Other programmers would explicitly test for the grid file, and use if and else for control flow:

if file_exists(grid_file):
    grid = read_grid(grid_file)
else:
    grid = default_grid()

It's mostly a matter of taste, but we prefer the second style. As a rule, exceptions should only be used to handle exceptional cases. If the program knows how to fall back to a default grid, that's not an unexpected event. Using if and else instead of try and except sends different signals to anyone reading our code, even if they do the same thing.

Novices often ask another question about exception handling style, but before we address it, there's something in our example that you might not have noticed. Exceptions can actually be thrown a long way: they don't have to be handled immediately. Take another look at this code:

try:
    params = read_params(param_file)
    grid = read_grid(grid_file)
    entropy = lee_entropy(params, grid)
    write_entropy(entropy_file, entropy)
except IOError as err:
    report_error_and_exit('Cannot read/write' + err.filename)
except ArithmeticError as err:
    report_error_and_exit(err.message)

The four lines in the try block are all function calls. They might catch and handle exceptions themselves, but if an exception occurs in one of them that isn't handled internally, Python looks in the calling code for a matching except. If it doesn't find one there, it looks in that function's caller, and so on. If we get all the way back to the main program without finding an exception handler, Python's default behavior is to print an error message like the ones we've been seeing all along.

This rule is the origin of the rule throw low, catch high. There are many places in our program where an error might occur. There are only a few, though, where errors can sensibly be handled.
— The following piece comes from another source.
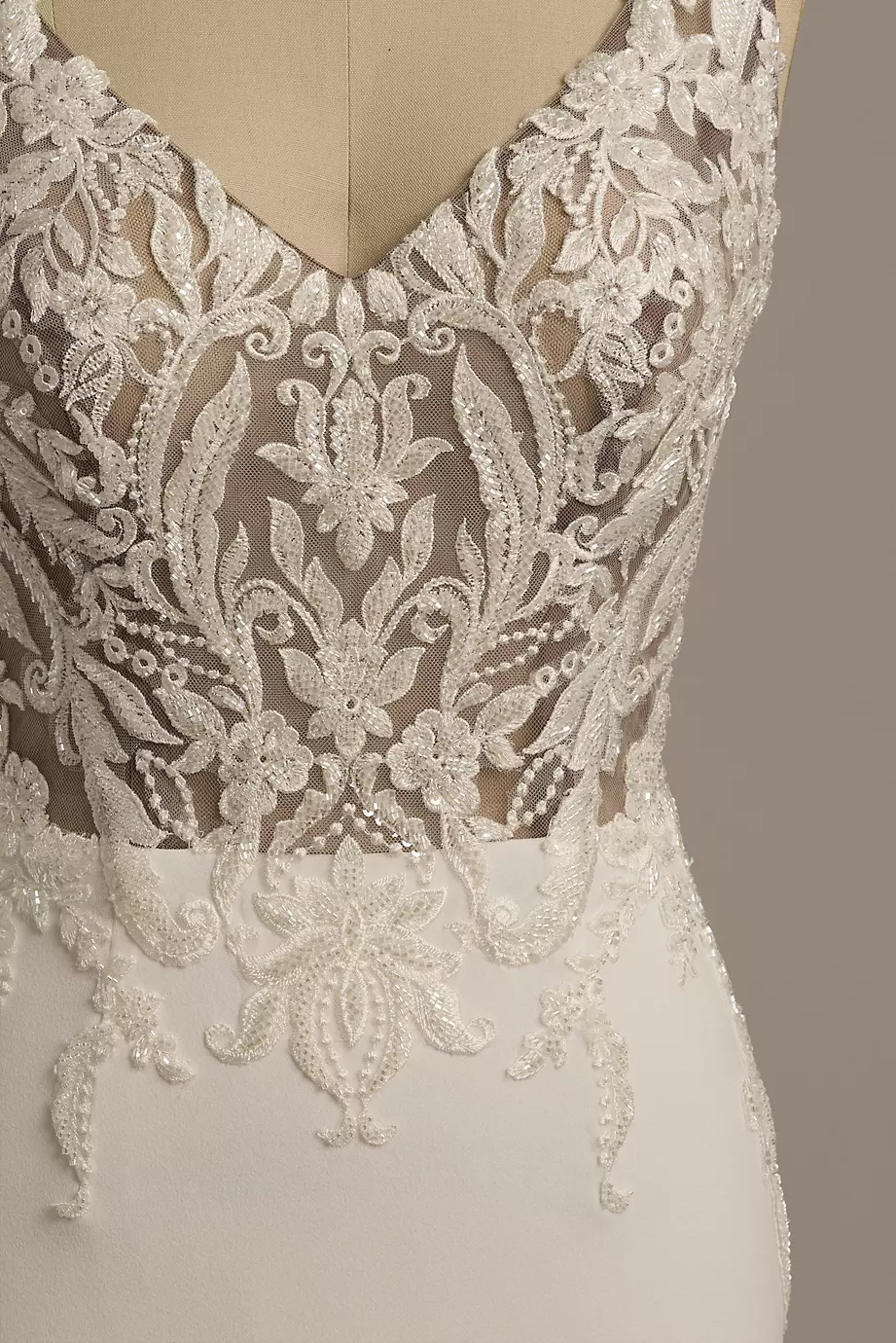 Galina Signature Illusion Lace Bodice Crepe Tank Wedding Dress in Ivory/Cocoa Size: 8 David's Bridal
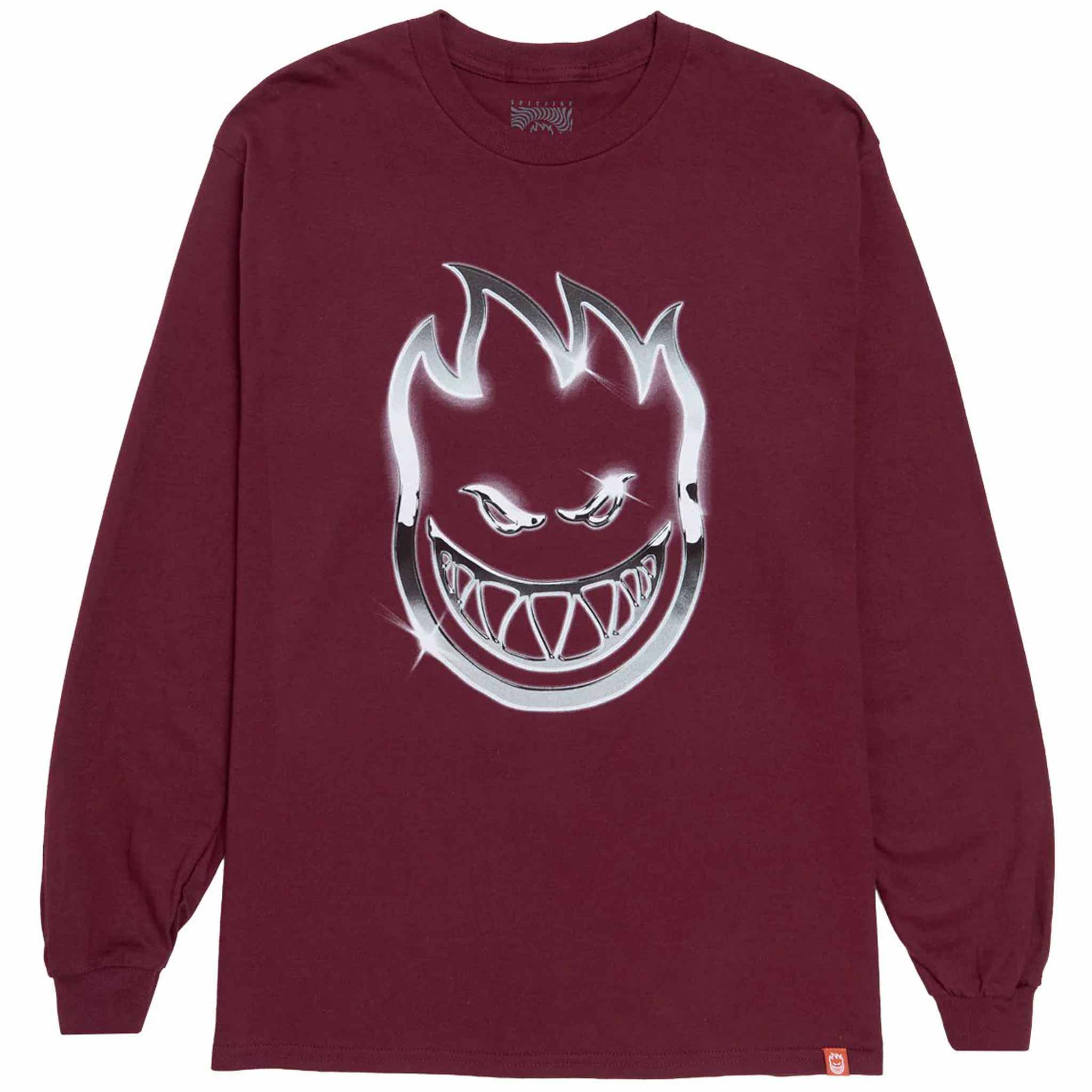 Spitfire Chrome Bighead Long Sleeve Maroon T Shirt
For example, a linear algebra library doesn't know whether it's being called directly from the Python interpreter, or whether it's being used as a component in a larger program. In the latter case, the library doesn't know if the program that's calling it is being run from the command line or from a GUI. The library therefore shouldn't try to handle or report errors itself, because it has no way of knowing what the right way to do this is. It should instead just raise an exception, and let its caller figure out how best to handle it.

Finally, we can raise exceptions ourselves if we want to. In fact, we should do this, since it's the standard way in Python to signal that something has gone wrong. Here, for example, is a function that reads a grid and checks its consistency:

def read_grid(grid_file):
    data = read_raw_data(grid_file)
    if not grid_consistent(data):
        raise Exception('Inconsistent grid: ' + grid_file)
    result = normalize_grid(data)
    return result

The raise statement creates a new exception with a meaningful error message. Since read_grid itself doesn't contain a try/except block, this exception will always be thrown up and out of the function, to be caught and handled by whoever is calling read_grid. We can define new types of exceptions if we want to. And we should, so that errors in our code can be distinguished from errors in other people's code. However, this involves classes and objects, which is outside the scope of these lessons.